## [INFORMATION PROVIDED]

* * * * * * *

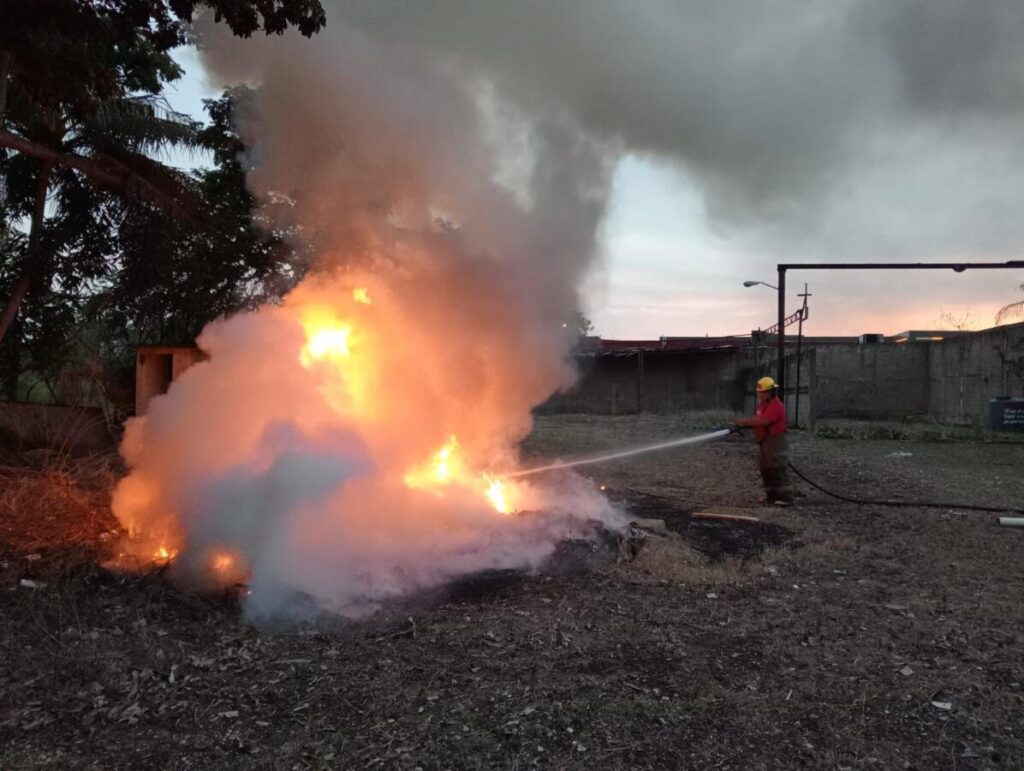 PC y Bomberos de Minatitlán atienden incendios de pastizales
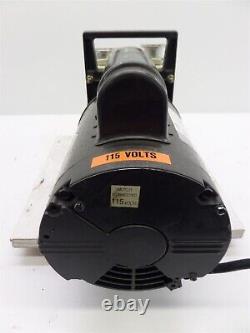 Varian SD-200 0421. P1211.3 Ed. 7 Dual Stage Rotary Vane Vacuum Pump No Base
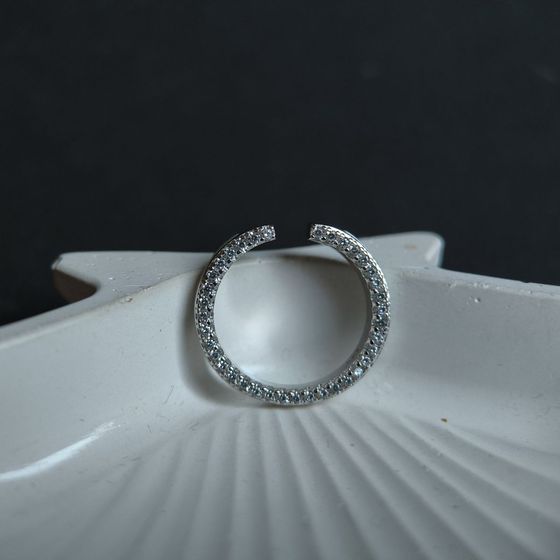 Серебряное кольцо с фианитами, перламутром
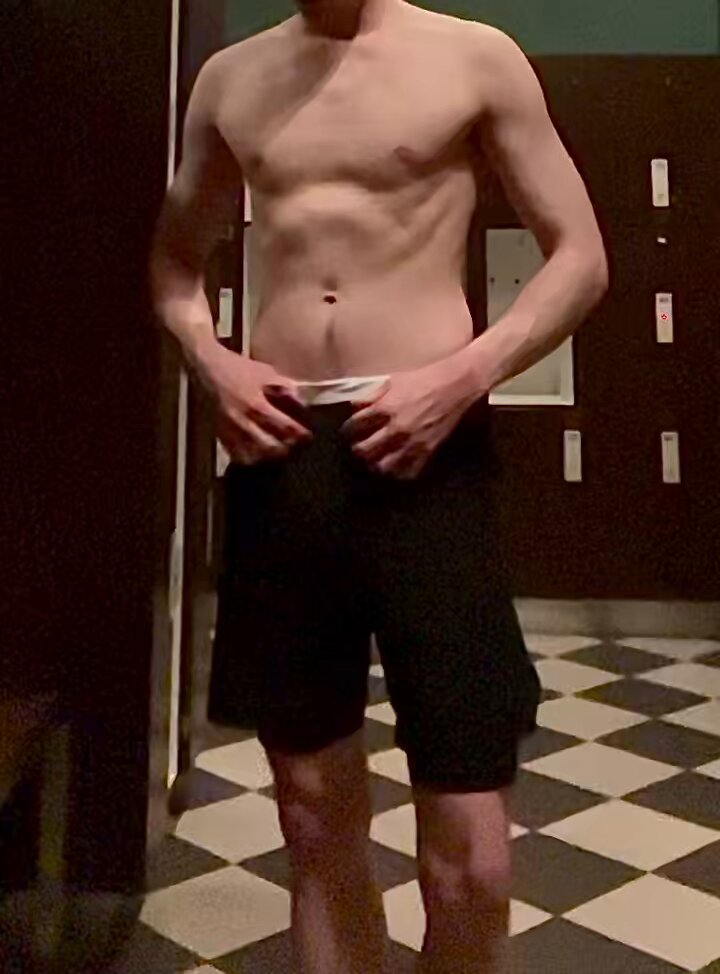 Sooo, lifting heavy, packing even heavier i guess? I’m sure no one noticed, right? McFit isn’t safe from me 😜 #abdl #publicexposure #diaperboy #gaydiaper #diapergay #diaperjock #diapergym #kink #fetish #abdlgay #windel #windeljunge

* * * * * * *

Reproduce the material word for word, but without its images.

 PC y Bomberos de Minatitlán atienden incendios de pastizales
 Varian SD-200 0421. P1211.3 Ed. 7 Dual Stage Rotary Vane Vacuum Pump No Base
 Серебряное кольцо с фианитами, перламутром
 Sooo, lifting heavy, packing even heavier i guess? I’m sure no one noticed, right? McFit isn’t safe from me 😜 #abdl #publicexposure #diaperboy #gaydiaper #diapergay #diaperjock #diapergym #kink #fetish #abdlgay #windel #windeljunge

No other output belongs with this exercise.